Restoration of historical data in AWS, US-East-1

Incident Report for InfluxDB Cloud

Postmortem

Summary

A software change was introduced that was intended to improve data compaction for very large partitions. The change had a bug that, under certain circumstances, caused some data to be dropped during the compaction process. When compaction completed, the new compacted file (missing a portion of the source data) replaced the original files. This made some data unavailable until it was restored from backup.

Because the underlying data remained intact in backups, no permanent data loss occurred. After identifying the issue, we rolled back the software change and initiated a full data restoration from backups. While the restoration process is reliable, restoring data at cluster scale while maintaining normal system operations required an extended recovery period. During the restoration process, some customers experienced elevated TTBR and degraded query performance while restoration was underway. 

Cause

Data in InfluxDB Cloud 2 is organized into 64 partitions. Each partition is regularly compacted to improve query performance since uncompacted data is slower to query.  

In January, we identified that one of the partitions in prod101-us-east-1 (partition 47) was no longer compacting successfully. As a result, partially compacted files accumulated in this partition and began impacting performance. To address this, our engineering team designed and implemented an optimization to run multiple compaction jobs to run in parallel. Each job targeted a subset of the data in the partition (based on the org id prefix), enabling heavily loaded partitions, such as partition 47, to be compacted more effectively.
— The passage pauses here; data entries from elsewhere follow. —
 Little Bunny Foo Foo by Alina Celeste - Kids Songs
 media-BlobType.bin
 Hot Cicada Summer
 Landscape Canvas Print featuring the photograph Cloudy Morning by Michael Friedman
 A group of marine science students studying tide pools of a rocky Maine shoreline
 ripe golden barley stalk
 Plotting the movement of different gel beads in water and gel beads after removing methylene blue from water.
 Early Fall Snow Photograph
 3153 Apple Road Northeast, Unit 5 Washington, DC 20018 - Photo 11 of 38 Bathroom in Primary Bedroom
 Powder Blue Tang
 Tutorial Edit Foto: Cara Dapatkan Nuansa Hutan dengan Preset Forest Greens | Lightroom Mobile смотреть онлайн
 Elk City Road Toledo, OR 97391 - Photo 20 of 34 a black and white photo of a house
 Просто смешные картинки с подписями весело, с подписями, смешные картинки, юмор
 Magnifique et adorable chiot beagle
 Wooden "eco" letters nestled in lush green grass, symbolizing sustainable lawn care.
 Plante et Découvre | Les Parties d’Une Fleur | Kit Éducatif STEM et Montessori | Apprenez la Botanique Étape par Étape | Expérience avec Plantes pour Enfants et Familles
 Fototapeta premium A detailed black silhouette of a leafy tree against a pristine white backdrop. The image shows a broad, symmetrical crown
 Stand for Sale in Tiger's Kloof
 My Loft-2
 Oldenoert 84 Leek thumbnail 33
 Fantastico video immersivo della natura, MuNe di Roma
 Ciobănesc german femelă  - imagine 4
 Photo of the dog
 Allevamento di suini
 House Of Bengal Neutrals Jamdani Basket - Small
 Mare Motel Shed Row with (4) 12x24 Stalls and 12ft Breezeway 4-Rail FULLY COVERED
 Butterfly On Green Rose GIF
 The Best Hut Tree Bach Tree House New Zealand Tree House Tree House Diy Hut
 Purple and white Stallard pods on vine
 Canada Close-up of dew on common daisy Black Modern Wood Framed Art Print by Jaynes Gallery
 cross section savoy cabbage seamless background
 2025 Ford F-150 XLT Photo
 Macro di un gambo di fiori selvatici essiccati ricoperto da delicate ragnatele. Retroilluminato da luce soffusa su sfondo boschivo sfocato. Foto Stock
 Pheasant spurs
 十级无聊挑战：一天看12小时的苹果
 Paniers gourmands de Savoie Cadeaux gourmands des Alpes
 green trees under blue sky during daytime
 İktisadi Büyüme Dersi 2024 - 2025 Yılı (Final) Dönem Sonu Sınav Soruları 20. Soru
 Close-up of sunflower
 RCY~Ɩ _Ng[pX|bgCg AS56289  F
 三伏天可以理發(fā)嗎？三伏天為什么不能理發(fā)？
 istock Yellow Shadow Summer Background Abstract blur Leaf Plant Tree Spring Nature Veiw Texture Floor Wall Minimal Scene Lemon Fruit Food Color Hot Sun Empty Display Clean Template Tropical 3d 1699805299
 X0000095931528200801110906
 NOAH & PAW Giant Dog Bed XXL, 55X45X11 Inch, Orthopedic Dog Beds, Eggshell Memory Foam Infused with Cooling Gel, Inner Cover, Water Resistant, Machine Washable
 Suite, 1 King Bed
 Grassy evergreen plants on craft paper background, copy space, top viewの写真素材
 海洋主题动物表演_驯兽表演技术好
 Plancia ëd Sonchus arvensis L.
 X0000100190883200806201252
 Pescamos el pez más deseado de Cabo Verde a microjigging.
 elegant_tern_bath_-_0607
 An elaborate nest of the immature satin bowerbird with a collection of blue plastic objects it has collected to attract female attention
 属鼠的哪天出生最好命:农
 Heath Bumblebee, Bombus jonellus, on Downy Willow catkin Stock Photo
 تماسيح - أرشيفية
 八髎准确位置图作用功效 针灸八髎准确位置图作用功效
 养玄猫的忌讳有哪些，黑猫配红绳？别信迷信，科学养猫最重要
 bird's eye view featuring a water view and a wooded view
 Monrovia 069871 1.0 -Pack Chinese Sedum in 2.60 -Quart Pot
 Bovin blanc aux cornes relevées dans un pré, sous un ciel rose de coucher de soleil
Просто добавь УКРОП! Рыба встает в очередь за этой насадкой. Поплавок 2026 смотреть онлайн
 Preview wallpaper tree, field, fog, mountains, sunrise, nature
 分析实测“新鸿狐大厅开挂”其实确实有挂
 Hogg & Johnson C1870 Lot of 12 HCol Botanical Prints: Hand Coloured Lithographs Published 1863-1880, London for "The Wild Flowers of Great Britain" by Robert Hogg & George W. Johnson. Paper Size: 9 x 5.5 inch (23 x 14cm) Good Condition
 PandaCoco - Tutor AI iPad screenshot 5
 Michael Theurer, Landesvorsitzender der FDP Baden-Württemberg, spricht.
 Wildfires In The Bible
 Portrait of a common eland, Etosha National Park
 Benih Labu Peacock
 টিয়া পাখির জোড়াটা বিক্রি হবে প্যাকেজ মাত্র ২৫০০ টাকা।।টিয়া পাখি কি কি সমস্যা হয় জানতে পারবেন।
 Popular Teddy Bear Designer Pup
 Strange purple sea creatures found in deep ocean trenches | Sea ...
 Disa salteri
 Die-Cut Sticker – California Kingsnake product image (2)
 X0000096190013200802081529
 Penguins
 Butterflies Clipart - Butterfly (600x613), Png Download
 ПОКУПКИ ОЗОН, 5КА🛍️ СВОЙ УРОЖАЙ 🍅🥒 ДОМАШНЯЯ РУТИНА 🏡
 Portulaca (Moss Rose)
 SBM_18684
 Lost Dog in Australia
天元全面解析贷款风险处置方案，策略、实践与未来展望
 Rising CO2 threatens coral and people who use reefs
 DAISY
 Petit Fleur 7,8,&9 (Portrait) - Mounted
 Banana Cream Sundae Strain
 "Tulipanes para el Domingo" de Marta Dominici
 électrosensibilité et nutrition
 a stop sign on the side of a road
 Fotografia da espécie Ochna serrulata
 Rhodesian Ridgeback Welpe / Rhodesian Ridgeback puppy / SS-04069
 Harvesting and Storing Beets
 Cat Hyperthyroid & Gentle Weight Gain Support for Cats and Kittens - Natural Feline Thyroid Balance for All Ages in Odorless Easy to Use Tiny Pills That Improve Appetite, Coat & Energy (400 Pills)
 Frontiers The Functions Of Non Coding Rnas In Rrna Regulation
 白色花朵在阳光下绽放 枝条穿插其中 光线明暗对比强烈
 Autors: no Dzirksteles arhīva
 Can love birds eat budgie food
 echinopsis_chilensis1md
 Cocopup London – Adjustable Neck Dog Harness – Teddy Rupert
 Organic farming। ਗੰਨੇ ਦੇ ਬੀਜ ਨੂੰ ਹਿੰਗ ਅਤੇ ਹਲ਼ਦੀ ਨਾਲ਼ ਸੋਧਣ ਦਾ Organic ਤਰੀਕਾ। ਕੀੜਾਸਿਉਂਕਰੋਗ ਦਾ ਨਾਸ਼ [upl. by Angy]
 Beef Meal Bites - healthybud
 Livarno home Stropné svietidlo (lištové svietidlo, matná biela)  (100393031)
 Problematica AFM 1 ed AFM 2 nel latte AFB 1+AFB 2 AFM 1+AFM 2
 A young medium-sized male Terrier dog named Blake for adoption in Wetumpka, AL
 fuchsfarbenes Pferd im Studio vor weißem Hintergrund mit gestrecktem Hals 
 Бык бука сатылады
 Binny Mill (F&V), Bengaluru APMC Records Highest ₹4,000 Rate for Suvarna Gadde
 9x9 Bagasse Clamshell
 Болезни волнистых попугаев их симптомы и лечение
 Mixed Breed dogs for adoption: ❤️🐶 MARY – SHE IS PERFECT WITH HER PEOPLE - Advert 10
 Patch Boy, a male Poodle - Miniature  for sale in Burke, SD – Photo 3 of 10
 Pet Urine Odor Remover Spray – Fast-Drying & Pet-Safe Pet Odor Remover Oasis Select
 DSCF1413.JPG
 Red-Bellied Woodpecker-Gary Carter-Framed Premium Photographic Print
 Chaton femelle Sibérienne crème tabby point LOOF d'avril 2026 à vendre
This code change was reviewed by two additional engineers as part of our standard release process. However, the optimization introduced a bug that, in certain circumstances, caused the compactor to fail when reading some of the source TSM data files. This compactor did not correctly handle this failure and instead silently skipped the TSM files, compacted the rest of the data, and then replaced the original files with the compacted data. This issue was not detected during code review or internal testing, and only surfaced after the change was applied to prod101-us-east-1.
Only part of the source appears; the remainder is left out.